Exercise objective
Below are records with pictures. Reproduce exactly the lines from the line with "Владимир Путин в" to the line with "Australia vieta YouTube", inclusive, and leave each picture out.

[Data — start]

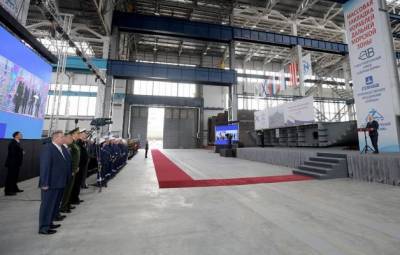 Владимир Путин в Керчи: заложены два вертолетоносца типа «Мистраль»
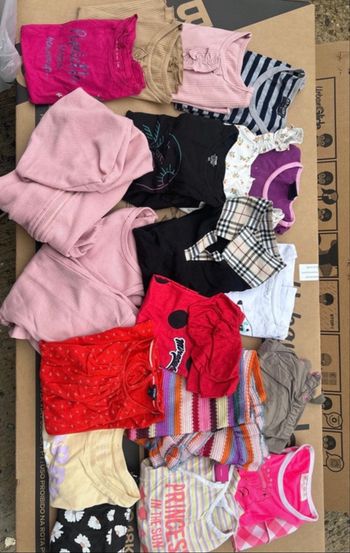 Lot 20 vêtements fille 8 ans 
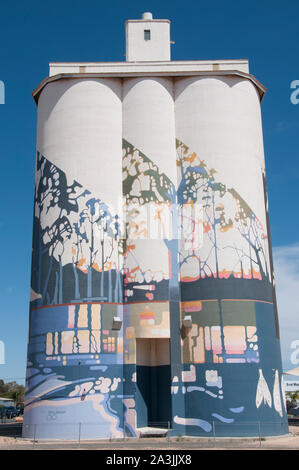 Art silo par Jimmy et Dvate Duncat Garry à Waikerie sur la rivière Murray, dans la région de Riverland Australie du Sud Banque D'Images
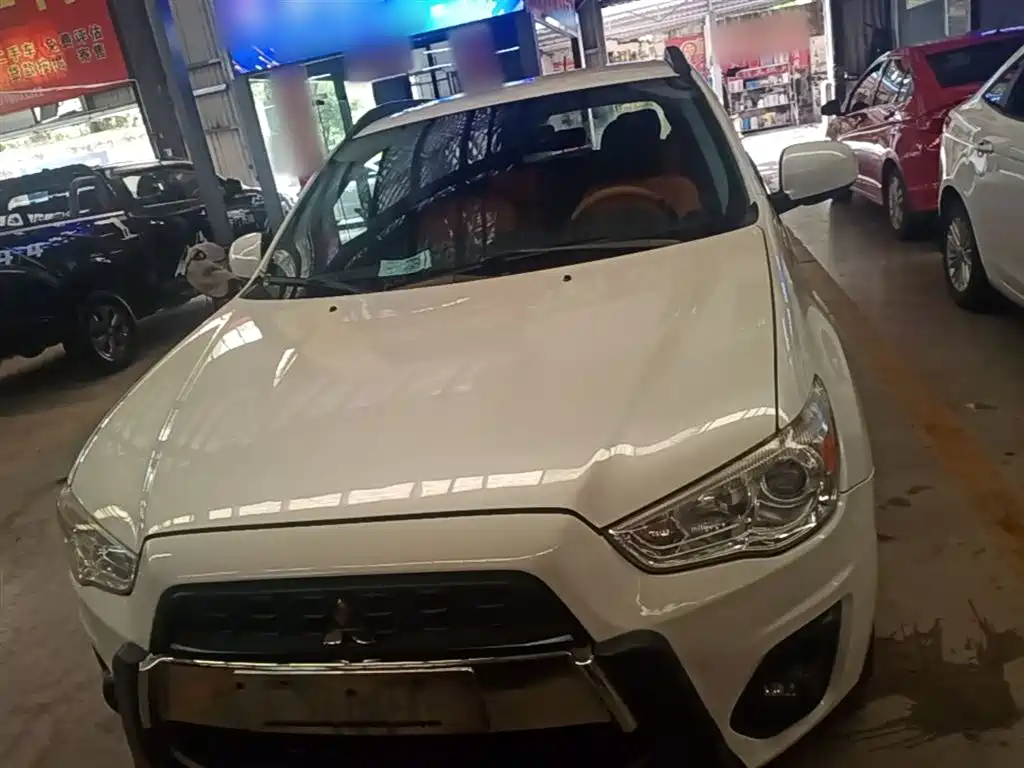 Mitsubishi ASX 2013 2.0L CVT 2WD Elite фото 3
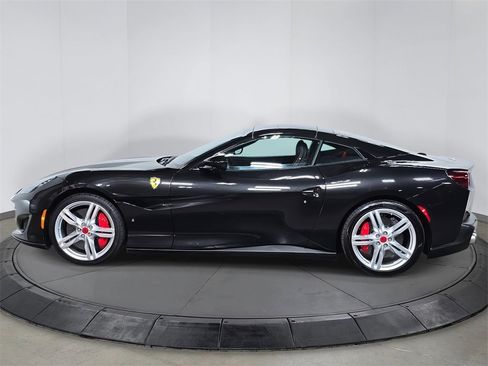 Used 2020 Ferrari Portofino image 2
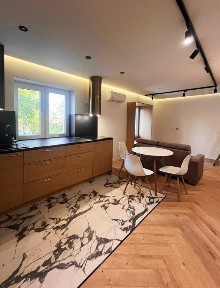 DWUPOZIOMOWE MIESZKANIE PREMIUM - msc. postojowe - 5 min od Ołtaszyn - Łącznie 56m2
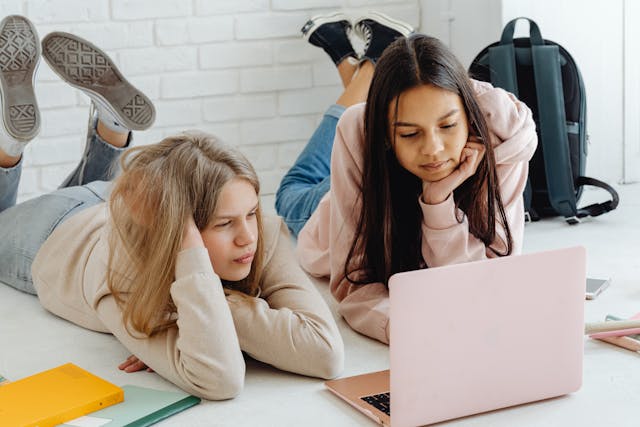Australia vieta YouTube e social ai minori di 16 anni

[Data — finish]
[Data — start]

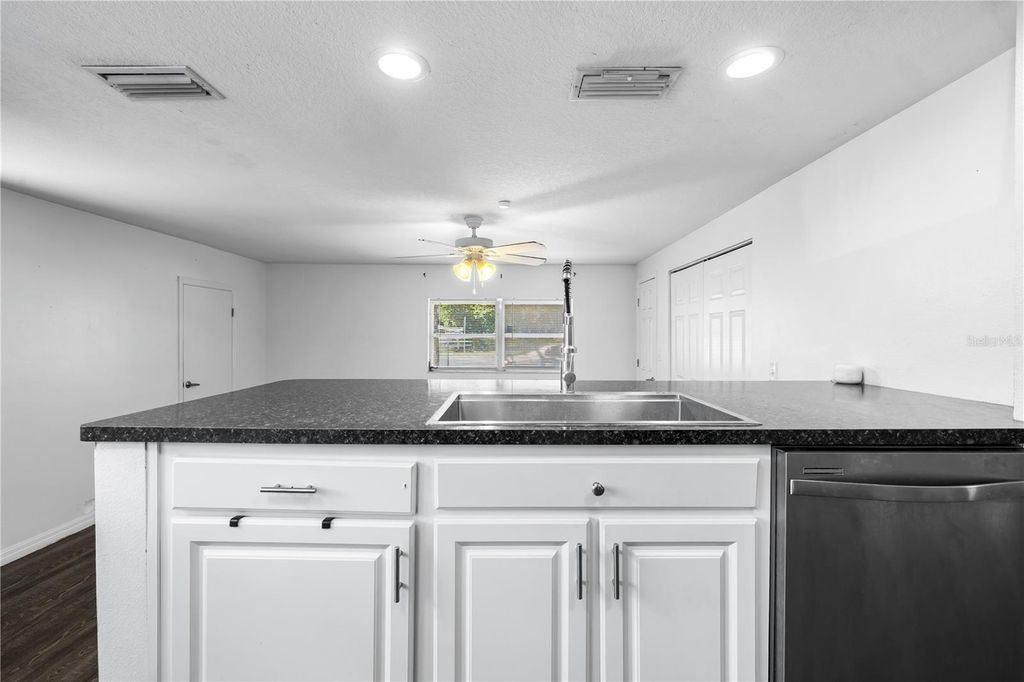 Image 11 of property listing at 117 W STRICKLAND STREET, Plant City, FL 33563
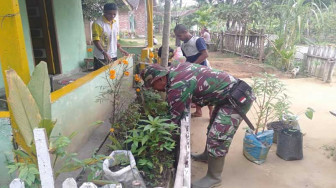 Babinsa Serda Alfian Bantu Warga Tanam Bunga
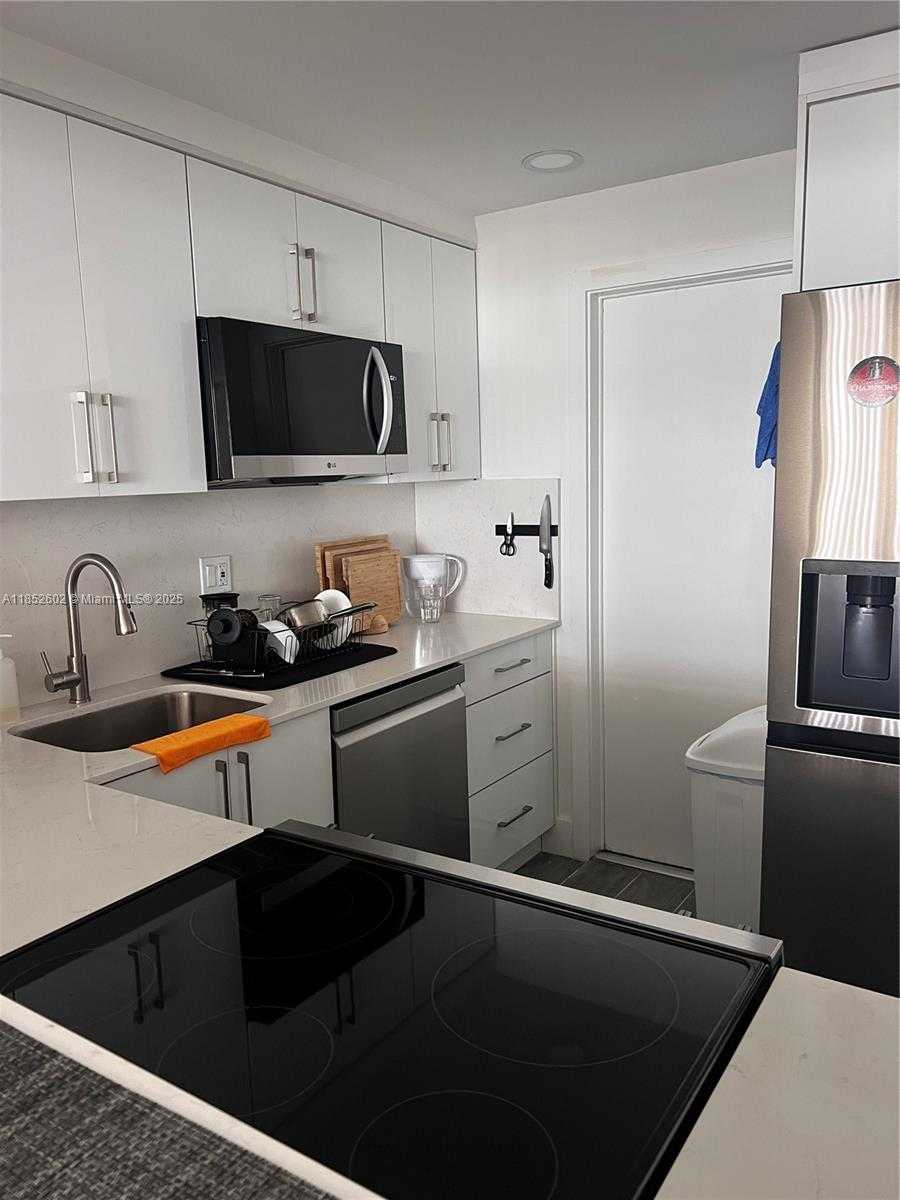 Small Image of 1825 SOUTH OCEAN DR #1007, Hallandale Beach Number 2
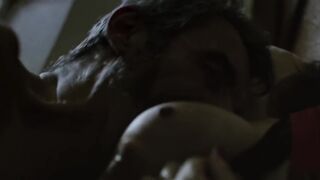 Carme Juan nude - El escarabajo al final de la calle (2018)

[Data — finish]
[Data — start]

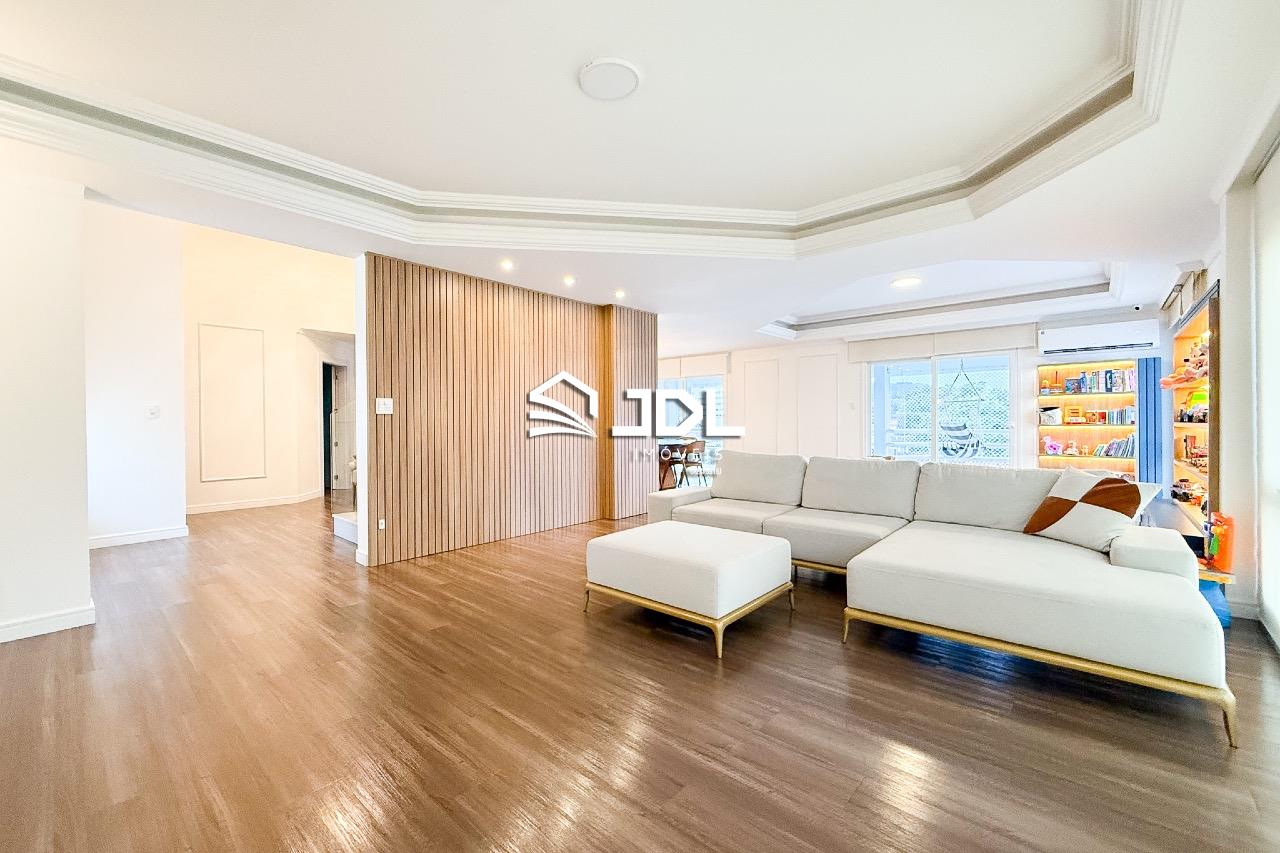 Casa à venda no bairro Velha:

[Data — finish]

Solution for this task
 Владимир Путин в Керчи: заложены два вертолетоносца типа «Мистраль»
 Lot 20 vêtements fille 8 ans 
 Art silo par Jimmy et Dvate Duncat Garry à Waikerie sur la rivière Murray, dans la région de Riverland Australie du Sud Banque D'Images
 Mitsubishi ASX 2013 2.0L CVT 2WD Elite фото 3
 Used 2020 Ferrari Portofino image 2
 DWUPOZIOMOWE MIESZKANIE PREMIUM - msc. postojowe - 5 min od Ołtaszyn - Łącznie 56m2
Australia vieta YouTube e social ai minori di 16 anni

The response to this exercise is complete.